Monday, April 05, 2021

Review of Vanilla Beyond mod for Medieval 2 Total War

sweet baby by Neticola from flickr (CC-ND)

Vanilla Beyond is my favorite kind of mod, one that tries to improve the base game without turning it into a kitchen sink of every cool feature modders possible.

The mod changes world map - extending the map a bit to the East, squeezing the Atlantic (probably to avoid game engine limitations on max campaign size), adding a bunch of extra factions (some from Kingdoms campaigns).

The new map is definitely a great improvement.

The mod changes how New World and Mongols are implemented. New World colonization is open from day one, and you'll see Norwegians, Portuguese and so on colonize right away, which feels a bit off, but the way it works in vanilla where they might as well not be in the game is also a bit off. Maybe it would be best to actually remove them from the game completely instead?

Mongols start on-map, and instead of a lot of free doom stack they get a bit of gold, troops, and king's purse every time they conquer new settlement, with the idea of creating a huge snowball. I didn't play long enough to see if it works properly or not. They seem to have long range missiles (including horse archers), which feels a bit bs in terms of both gameplay and historical accuracy, but game gives long range missiles and effective against armor effect quite generously to everyone.

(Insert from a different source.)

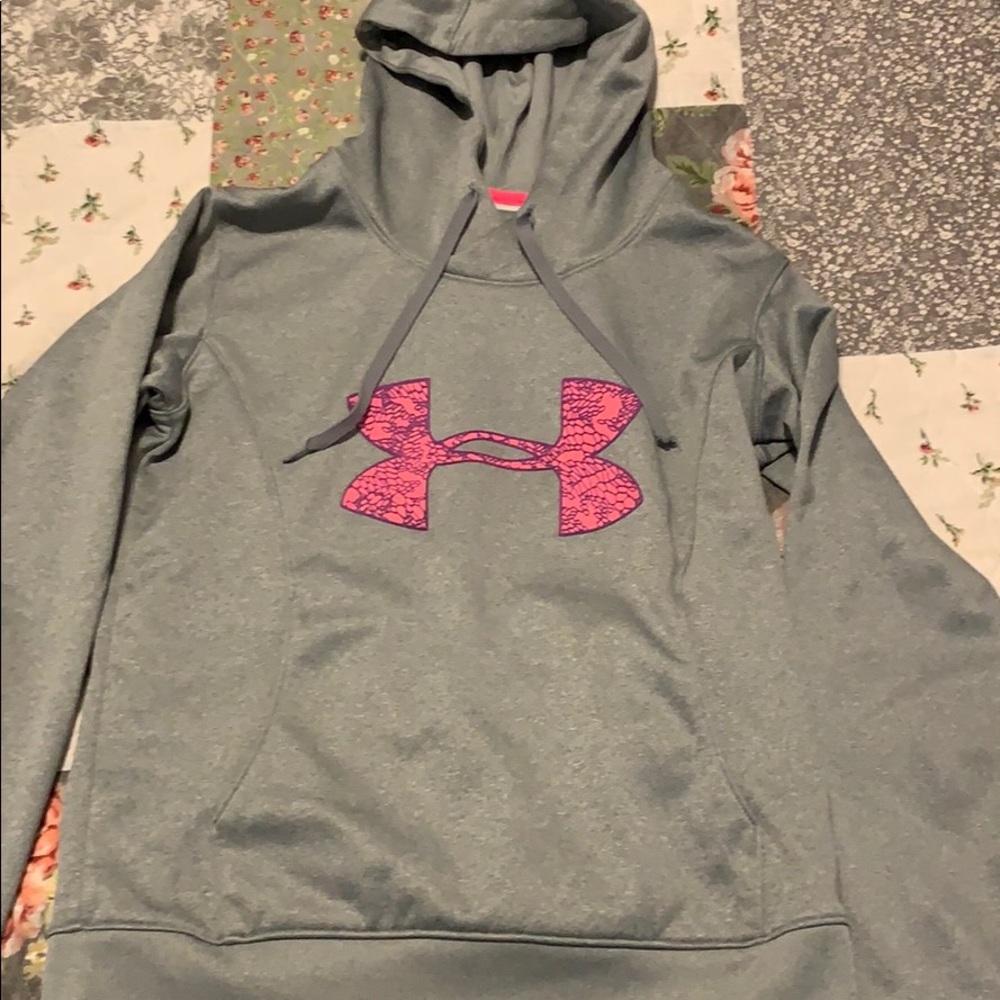 Under Armour sweatshirt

These seem like sensible changes.

I played a quick game as Armenia on normal, as that faction wasn't available in any previous campaign. I got from 1 to 8 regions by turn 13, defeating Emirate of Damascus and getting some rebel lands.

AI was extremely passive, and nobody declared any wars against anyone else. In vanilla there's a 10 turn timer for AI, maybe it's much longer here? It felt like I can do a lot before AI wakes up. I guess I could have been more aggressive, in Empire I usually get 3 declaration of war on me turn one, and I got used to that a bit.

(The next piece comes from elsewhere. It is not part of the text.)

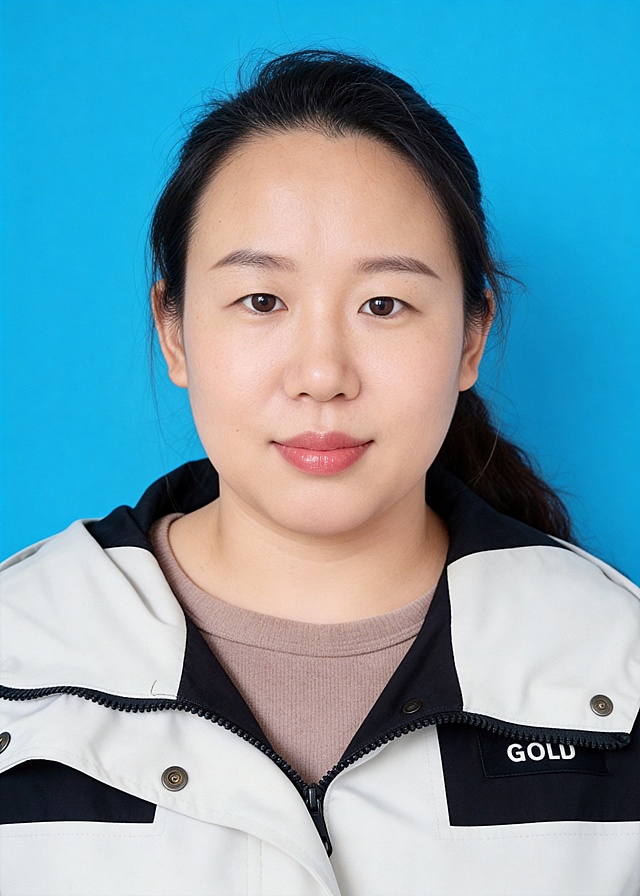 保留第一张图中人物发型､脸型､年龄特征生成标准样式纯正面证件照;人物主体严格居中,头部大小与位置严格对齐第二张图,双肩水平平衡,面部中轴线对齐画面中心,正视前方;标准证件照构图,人物绝对居中;头顶上方距离上边缘高度10%,下巴距离画面下边缘高度30%,人物主体占比约68%;肩部平展与画面水平轴平行;头部占比严格对齐第二张图;提亮肤色,消除暗沉,清透裸妆,隐形毛孔,均匀肤色,唇色自然提亮;肤色白皙细腻,轻透裸妆+微微提亮;底妆轻薄服帖;淡妆:极细内眼线,唇色微微润泽;眼神澄澈,看向镜头,气质自信,嘴角微微上扬表情自然;耳廓可见度一致;肩部平展,肩线与画面水平轴平行;头肩比例协调呈现;免冠,不戴帽子,无头饰,无发带,佩戴眼镜,眼镜无反光,柔和正面顺光均匀柔光,面部明亮无硬影,背景均匀提亮,画质清晰,零噪点降噪;面部清晰;背景亮度均匀统一;高清锐利画质,细节清晰可见;零噪点处理;色彩还原自然,均匀柔和布光,无明显阴影,面部光影干净,柔光正面打光,自然光影过渡,皮肤质感细腻,哑光质感;标准焦段50mm,纯正面,入境范围头部至胸部以上区域,F/4光圈(兼容F/2.8-F/4区间),平视视角(镜头与人物视线完全齐平),正视视图;人物绝对居中(居中构图),位于画面中心;严格限定标准证件照规格;视线水平(瞳孔连线与画面水平线平行);双耳对称露出,双肩水平且平衡,头部占比严格对齐垫图,禁止大头照(画面铺满画布,无边框留白);专业证件照质感,高清人像质感,细腻皮肤纹理,严格按照第一张图内容生成,分辨率4K,身着浅灰白色拼黑色连帽户外夹克外套，内搭浅棕色圆领针织上衣，极简纯色标准蓝色背景#438EDB,禁止裁切头顶, 禁止额头被截, 禁止超大头, 禁止主体溢出画面, 禁止偏头/倾斜, 头顶上边距8-10%, 头部高度60-68%, 双眼高度56-58%, 严格对齐第二张垫图, 画面比例5:7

The biggest change in the came is in recruitment buildings. Basic city/castle tier has no recruitment slots at all - that means city or castle cannot recruit any units at all just by existing. That's an especially huge nerf to castles (which in vanilla can already recruit Mailed Knights or equivalent even at low level). You need to build a bunch of recruitment buildings to do any recruiting, so early game you'll be mostly relying on mercenaries and your starting army.

The related change is that higher tier buildings can only recruit higher tier units, and cannot recruit anything low tier. This is annoying for garrison logic, and sometimes you just don't have any units at all in the pool to recruit because of this. I suspect after a while (like 20-50 turns), it all starts working properly, but very early game is extremely awkward due to these changes.

There's a bit less difference between cities and castles - castles get some trade buildings, some low tier units overlap between both instead of having completely separate chains, and some castle garrison is upkeep free.

There's also a bunch of unique buildings in various settlements, which make sense I guess.

Merchant income got deservedly increased, as it was just way too low in vanilla.

Overall the mod has very awkward early game, so I don't think it's suitable for quick campaigns, but it could work better for something longer.